To complete our discussion of state, and make sure you got it, here is
a little puzzler, a micro-assignment for next class:
State Assignment:
Consider a world of a single grid cell one side of which is open (if
you face this side the sensation is 0; otherwise it is 1). There are
three actions: turn right, turn left, and spin. Spin changes your
orientation to a random direction, 25% to each of the four.
How many states are there (in the Monad sense) and what are they?

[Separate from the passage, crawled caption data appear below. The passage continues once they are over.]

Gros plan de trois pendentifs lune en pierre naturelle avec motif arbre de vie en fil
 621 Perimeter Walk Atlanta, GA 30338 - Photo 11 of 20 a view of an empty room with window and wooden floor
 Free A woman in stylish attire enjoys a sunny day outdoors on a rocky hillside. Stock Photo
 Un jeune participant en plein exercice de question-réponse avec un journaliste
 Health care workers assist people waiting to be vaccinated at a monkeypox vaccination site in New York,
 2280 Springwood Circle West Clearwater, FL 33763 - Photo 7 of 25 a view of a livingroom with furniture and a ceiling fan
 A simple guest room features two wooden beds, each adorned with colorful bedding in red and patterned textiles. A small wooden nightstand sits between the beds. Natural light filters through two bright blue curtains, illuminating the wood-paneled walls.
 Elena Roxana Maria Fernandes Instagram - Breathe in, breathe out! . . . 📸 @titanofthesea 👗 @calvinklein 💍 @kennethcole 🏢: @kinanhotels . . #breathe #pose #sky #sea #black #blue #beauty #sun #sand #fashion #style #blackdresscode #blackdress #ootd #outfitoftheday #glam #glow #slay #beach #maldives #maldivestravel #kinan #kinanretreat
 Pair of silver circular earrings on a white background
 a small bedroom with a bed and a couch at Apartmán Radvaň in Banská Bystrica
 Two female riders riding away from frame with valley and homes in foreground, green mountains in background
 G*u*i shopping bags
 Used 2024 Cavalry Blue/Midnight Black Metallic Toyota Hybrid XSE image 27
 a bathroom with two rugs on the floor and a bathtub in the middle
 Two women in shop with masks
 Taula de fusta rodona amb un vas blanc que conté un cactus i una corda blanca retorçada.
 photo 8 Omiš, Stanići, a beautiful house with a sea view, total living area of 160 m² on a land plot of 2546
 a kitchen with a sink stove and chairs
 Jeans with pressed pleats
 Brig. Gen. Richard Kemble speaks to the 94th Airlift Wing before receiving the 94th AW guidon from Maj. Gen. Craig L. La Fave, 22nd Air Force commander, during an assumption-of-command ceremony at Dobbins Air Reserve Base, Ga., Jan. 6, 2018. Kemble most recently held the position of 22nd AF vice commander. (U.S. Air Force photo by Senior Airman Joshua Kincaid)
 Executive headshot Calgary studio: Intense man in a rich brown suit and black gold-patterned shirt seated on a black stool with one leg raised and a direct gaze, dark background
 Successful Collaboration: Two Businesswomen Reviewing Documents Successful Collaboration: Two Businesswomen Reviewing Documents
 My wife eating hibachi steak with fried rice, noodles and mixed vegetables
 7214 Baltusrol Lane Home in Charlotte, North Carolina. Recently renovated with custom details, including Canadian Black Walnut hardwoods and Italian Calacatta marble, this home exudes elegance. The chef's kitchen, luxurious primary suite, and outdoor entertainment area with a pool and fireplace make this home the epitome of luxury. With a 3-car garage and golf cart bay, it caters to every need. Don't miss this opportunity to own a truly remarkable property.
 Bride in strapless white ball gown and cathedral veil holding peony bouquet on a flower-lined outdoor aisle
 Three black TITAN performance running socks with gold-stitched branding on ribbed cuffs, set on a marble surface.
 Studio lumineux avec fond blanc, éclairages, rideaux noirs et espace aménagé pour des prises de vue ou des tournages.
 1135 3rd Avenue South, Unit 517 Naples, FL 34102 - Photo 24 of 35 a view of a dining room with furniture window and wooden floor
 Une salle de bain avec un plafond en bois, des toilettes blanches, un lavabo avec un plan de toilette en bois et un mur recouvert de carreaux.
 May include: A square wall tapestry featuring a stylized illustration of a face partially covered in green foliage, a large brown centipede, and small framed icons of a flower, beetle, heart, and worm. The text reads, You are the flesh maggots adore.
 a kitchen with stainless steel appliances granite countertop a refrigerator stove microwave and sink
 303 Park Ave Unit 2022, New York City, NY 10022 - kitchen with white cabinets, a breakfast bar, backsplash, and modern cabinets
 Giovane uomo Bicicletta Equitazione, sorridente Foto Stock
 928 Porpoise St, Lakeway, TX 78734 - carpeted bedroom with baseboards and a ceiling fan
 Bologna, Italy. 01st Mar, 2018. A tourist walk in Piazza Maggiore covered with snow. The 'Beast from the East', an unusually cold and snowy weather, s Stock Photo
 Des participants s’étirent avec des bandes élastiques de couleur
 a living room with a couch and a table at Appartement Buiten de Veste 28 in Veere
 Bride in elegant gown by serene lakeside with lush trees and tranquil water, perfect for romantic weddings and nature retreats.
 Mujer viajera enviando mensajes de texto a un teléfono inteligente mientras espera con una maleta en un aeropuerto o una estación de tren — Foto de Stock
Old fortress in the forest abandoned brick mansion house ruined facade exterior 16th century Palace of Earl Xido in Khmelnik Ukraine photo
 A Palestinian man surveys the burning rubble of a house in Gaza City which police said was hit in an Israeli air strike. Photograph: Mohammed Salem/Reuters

Turn your answers in on paper for thursday's class.
dear class,
only two people got
the state mini-assignment correct: vlad and elliot (sorry andrew b.,
your number was correct but not your explanation). so i'd like
everybody else to try it again. here's a hint: the correct answer is
greater than 5.
turn it in on tuesday, with the chapter 4 exercises.
rich
Hi all,
For those of you that wish
to write python agents and/or environments with RL-Glue, I have added 3
new projects to RL-Library. They illustrate using:
A Python agent with a C environment
A Python environment with a C agent
A Python agent with a Python environment
See the Project Shelf of RL-Library
(/RLR/project.html).
Also,
please note RL-Glue cannot be downloaded from RL-Library. The library
contains agents, environments, experiments and Projects only! Download
RL-Glue from Sourceforge (see: http://sourceforge.net/projects/rl-glue)
Cheers,
In the book the player hits automatically
until the player has a sum of
12 or greater. Below is a modified environment so you only have
to learn a policy from a sum of 12 or greater, following the
description in the book.
http://www.cs.ualberta.ca/~butcher/Blackjack.cpp
in class we thought april 10 was
the last day of class, but actually it is the 12th. this affects the
schedule for the students presentations, which will now be on the 10th
and 12th, in the same order as previously planned. -rich
i've made some changes to the schedule.
we will do more FA on thursday and i am moving the rest later by
one class. i'll be accepting the 1st FA assignment on thursday
without penalty.
rich
the schedule of presentations and practice
talks has been added to the
website. let me know asap if any of the times will not work for you.
rich
the final programming project is nominally
due thursday, and that would
be a good time to turn it in, but i will accept them without penalty at
the final exam on the 19th.
-rich
To give you a sense of how your assignment will be graded, here's a likely mark distribution for this exercise:
2.1: 2pts.
2.5: 8pts.
2.55: 28pts.
2.8: 2pts. (extra credit)